The recent FC-BI IOT in Insurance conference highlighted some of the key challenges faced by the industry. Existing insurance models, risk assessments and, in some areas, the move to self insurance is outpacing the Industries capabilities to adopt new technologies.
Speaker after speaker identified pragmatic value and opportunity from assessing, adopting, or re-evaluating the value insurance products. Pet, life, automotive, household as well as some speciality insurance all came under the microscope.
A good challenge from delegates concerned the readiness of the technology for society, its usage for insurance, and to create the information for new pricing models. The counterchallenge highlighted new insurance entrants, with lower product price points, and having no knowledge of the client, but gaining market share. Looks as though the consumer battle has started.
One are of debate was the time it would take insurers to be ready. Many insurer admitted that the key challenge was that the existing IT wasn’t good enough. A little digging revealed the true challenge: that insurer data hasn’t had the custodianship and care that it should have. Specifics about lack of a single view, multiple masters of data for different products, poor or no consideration of data quality and “we don’t really know what data we have” were raised at several lively discussions.

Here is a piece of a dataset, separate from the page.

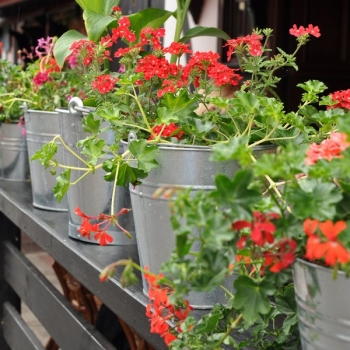 Wiadro ocynk. 12L ECO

The announcement from KPN is highly relevant. It shows how todays technology adoption is moving faster than traditional business models. The Netherlands is now IOT communication ready. Startups can deploy sensors for home care, monitoring and management in social housing (reducing costs) to gated communities (providing safety and security) , animal welfare and cattle monitoring management, to smart cities all through LoRa.
To make this a commercially viable proposition for insurers to adopt though, sensing devices and communications require a platform.
In the Netherlands The Things Network (“TheThingsNetwork.org” TTN) platform provides a packaged configurable solution to integrate monitoring devices in any location. This provides immediate opportunity for insurers and for insurance FinTech.
Will the UK be next?
At the IOT in Insurance innovation awards ceremony Mike Beardmore, UK evangelist for the The Things Network (TTNReading.org) spoke to insurers, re-insurers and entrepreneursabout the existing multiple deployments of TTN in the UK, and active pipeline to implement more. Mike specifically highlighted deployments for flood warning.
Looks like it is already here!
The KPN network is a low data rate (LoRa) mobile communications network that is also compatible with the telecom’s 2G, 3G, and 4G phone network. Both the long-range and low-data-rate aspects of KPN’s network are necessary to connect “things” that cannot connect to the Internet via Wi-Fi. The greater issue for IoT with Wi-Fi is that the “things” will often be far apart. In most cases there won’t be a heavy data stream because the content of the signals will be on the order of “I’m here” with a GPS coordinate, “I’m on,” or “My temperature is xx.” Usually it will be pretty simple stuff.